FIG 2.

Rab2a depletion renders BspB dispensable for rBCV biogenesis and Brucella replication. (A) Representative Western blotting of Rab2a depletion in BMMs. BMMs were nucleofected with either small interfering nontargeting (siNT) or siRab2a siRNAs, and Rab2 levels were evaluated after 72 h via Western blotting of Rab2a and β-actin as a control. (B) rBCV biogenesis in BMMs treated with either nontargeting (siNT) or siRab2a siRNAs for 72 h and infected with DsRed_m-expressing wild-type (2308), ΔbspB, ΔricA, ΔbspB ΔricA, or ΔbspB ΔricA::ricA B. abortus strains. Data are means ± SD of results from 3 independent experiments.
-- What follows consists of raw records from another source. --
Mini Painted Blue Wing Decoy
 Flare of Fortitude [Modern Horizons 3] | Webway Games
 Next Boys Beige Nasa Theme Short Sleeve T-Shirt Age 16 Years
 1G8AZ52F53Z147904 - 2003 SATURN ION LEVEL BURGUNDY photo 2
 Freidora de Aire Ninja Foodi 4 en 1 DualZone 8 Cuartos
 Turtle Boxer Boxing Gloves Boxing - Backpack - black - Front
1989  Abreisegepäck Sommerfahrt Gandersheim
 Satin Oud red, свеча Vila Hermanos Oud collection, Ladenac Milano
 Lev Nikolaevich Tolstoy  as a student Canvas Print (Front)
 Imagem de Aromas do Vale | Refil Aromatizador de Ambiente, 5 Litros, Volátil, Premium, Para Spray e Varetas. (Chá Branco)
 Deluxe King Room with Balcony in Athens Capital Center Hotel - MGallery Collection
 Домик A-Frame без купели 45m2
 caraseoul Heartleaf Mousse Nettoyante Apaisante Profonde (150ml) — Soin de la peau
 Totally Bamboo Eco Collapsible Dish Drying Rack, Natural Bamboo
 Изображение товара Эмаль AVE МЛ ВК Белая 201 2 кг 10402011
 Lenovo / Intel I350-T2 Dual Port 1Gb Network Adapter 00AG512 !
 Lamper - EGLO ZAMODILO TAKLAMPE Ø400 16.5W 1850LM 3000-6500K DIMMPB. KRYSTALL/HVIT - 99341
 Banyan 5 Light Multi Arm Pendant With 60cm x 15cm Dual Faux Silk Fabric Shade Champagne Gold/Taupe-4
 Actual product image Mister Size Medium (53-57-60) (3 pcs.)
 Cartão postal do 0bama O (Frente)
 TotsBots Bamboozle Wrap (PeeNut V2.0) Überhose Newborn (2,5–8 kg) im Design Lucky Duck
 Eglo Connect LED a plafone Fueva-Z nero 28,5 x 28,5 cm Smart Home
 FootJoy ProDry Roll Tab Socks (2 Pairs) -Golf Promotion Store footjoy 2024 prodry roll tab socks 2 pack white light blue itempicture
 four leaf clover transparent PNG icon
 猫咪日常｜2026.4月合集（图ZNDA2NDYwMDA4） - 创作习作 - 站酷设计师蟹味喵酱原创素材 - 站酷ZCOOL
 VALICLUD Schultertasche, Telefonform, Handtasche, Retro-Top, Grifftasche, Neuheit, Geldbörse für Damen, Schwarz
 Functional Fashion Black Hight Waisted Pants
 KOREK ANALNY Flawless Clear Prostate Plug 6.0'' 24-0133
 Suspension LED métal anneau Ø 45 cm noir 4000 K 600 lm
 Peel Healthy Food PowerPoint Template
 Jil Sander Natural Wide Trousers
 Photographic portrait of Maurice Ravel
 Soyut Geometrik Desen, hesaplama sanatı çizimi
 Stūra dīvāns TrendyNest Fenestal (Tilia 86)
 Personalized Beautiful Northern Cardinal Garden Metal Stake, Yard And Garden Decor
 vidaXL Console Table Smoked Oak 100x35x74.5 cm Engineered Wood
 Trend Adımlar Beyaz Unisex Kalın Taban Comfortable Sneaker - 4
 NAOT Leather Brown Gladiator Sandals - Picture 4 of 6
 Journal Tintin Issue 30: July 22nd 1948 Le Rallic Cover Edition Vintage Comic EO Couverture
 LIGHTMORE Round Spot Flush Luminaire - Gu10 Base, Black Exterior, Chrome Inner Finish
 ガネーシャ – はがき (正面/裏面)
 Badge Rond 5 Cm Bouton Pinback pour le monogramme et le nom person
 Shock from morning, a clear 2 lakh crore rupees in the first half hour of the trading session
Asterisks indicate a statistically significant difference determined by two-way ANOVA with Dunnett’s multiple-comparison test. (C) Intracellular replication of DsRed_m-expressing wild-type (2308), ΔbspB, ΔricA, ΔbspB ΔricA, or ΔbspB ΔricA::ricA B. abortus strains at 24 h pi in BMMs treated with either nontargeting (siNT) or siRab2a siRNAs for 72 h prior to infection. Values are means ± SD of results from at least 3 independent experiments. Asterisks indicate a statistically significant difference compared to siNT-treated BMMs infected with either wild-type (2308; green) or ΔbspB (red) strains, assessed using a nonparametric Kruskal-Wallis test with Dunn’s multicomparison statistical analysis; ns, not significant.